A Younger Workforce
The vibe at your nine to five is getting a lot younger.
According to Careerbuilder.com it’s not unusual for the person occupying the corner office to be younger than the people they manage. A recent Careerbuilder survey found that 34% of workers say their boss is younger than they are. Fifteen percent of people say in some cases that age difference is at least ten years.
Careerbuilder says age differences are more diverse than ever before; and the wrinkle free face of leadership is leading to a change in work styles and communication. To highlight these differences managers and workers from 25 to 35 and managers and workers 55 and older were surveyed. According to the survey younger workers are more likely to have shorter workdays in the office but tend to be more open to working from home compared with their older counterparts.
For more differences between the young and the old including why younger people are more likely to get promoted keep reading. Respecting your elder just got a lot easier.
Workdays and work styles
Younger workers (25 to 34) are more likely to have shorter workdays in the office but tend to be more open to working from home, compared with workers 55 or older.
On a typical workday, a younger worker:
Works eight hours or less per day -- 64 percent compared with 58 percent of workers 55 or older.
Arrives later than 8 a.m. and leaves later than 5:00 p.m.
Is more likely than workers 55 or older to work after leaving the office -- 69 percent versus 62 percent.
Believes arriving on time doesn't matter as long as work gets done -- 29 percent versus 20 percent.
Workers 55 or older have a more direct approach to working on projects than their younger counterparts:
Sixty-six percent prefer to jump right into executing workplace projects, compared with 52 percent of workers ages 25 to 34.

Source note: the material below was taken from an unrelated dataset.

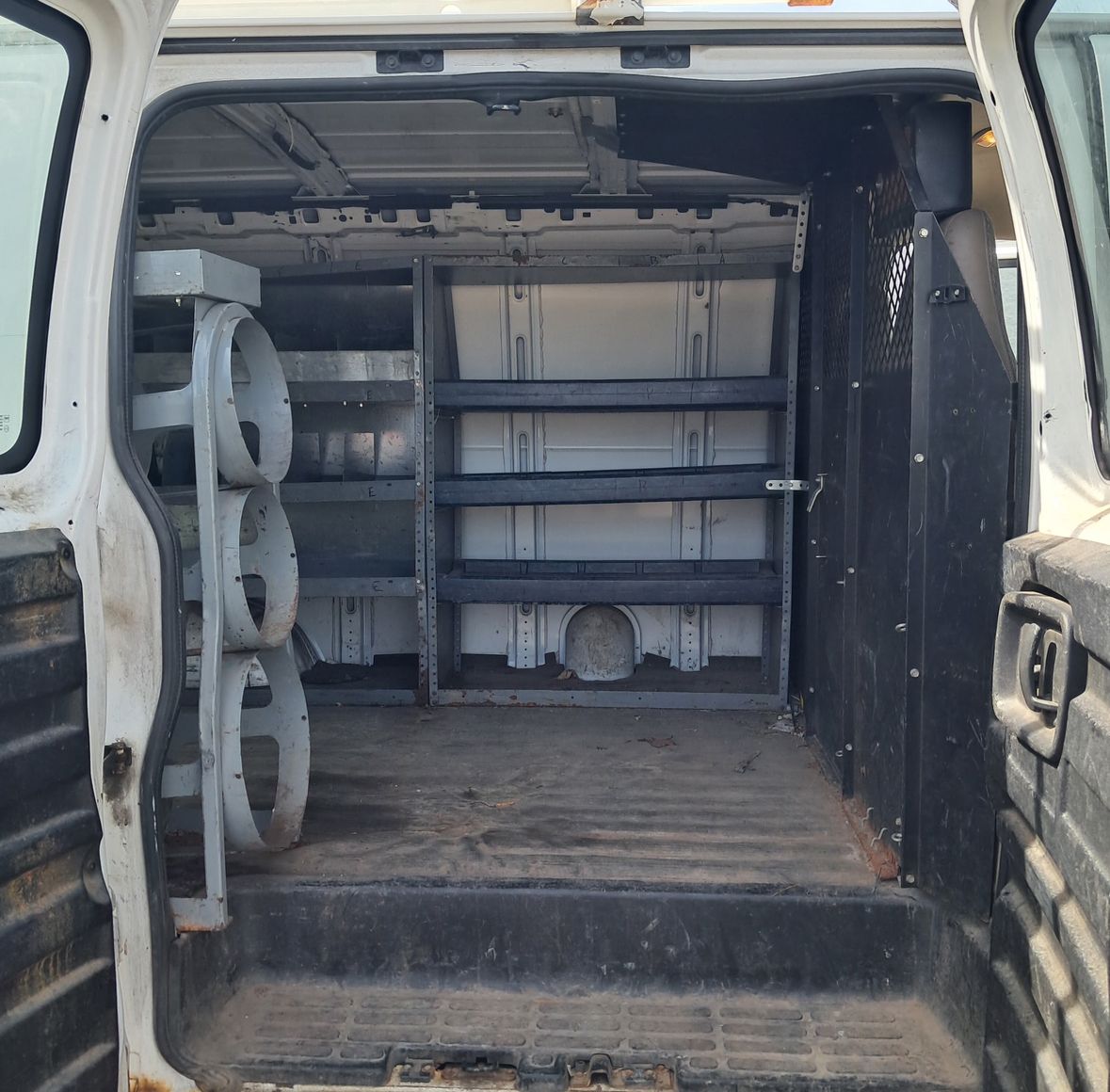 Used 2005 Chevrolet Express 2500 RWD image 6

Only 35 percent of workers 55 or older write out a detailed plan before acting, compared with 48 percent of workers ages 25 to 34.
Although technology tends to create a divide among older and younger generations, it's a mutually agreed-upon area in the workplace. When asked how workers most like to communicate while on the job, the survey found:
Sixty percent of workers 55 or older prefer face-to-face communication, compared with 55 percent of workers ages 25 to 34.
When it comes to emails and text messaging, 35 percent of younger workers prefer this method, compared with 28 percent of older workers.
Talking on the phone is the least appealing option to both groups of workers, as only 12 percent of older workers and 10 percent of younger workers chose this as a preferable method of communication at work.
Time and careers
Perhaps an indicator of why a growing number of bosses are younger than some of the employees they manage, the survey found that younger workers often view their career path through opportunistic eyes:
Workers 55 or older tend to believe that you should stay in a job for at least three years -- 62 percent compared with 53 percent of workers ages 25 to 34.
In contrast, the younger group of workers surveyed believe you should be promoted every two to three years if you're doing a good job -- 61 percent versus 43 percent of older workers.
Forty-seven percent of workers ages 25 to 34 believe you should stay in a job until you learn enough to move ahead, compared with 38 percent of workers 55 or older.
The one thing on which older and younger workers see eye-to-eye? Sixty percent of both groups prefer to eat lunch alone, as opposed to dining with their co-workers.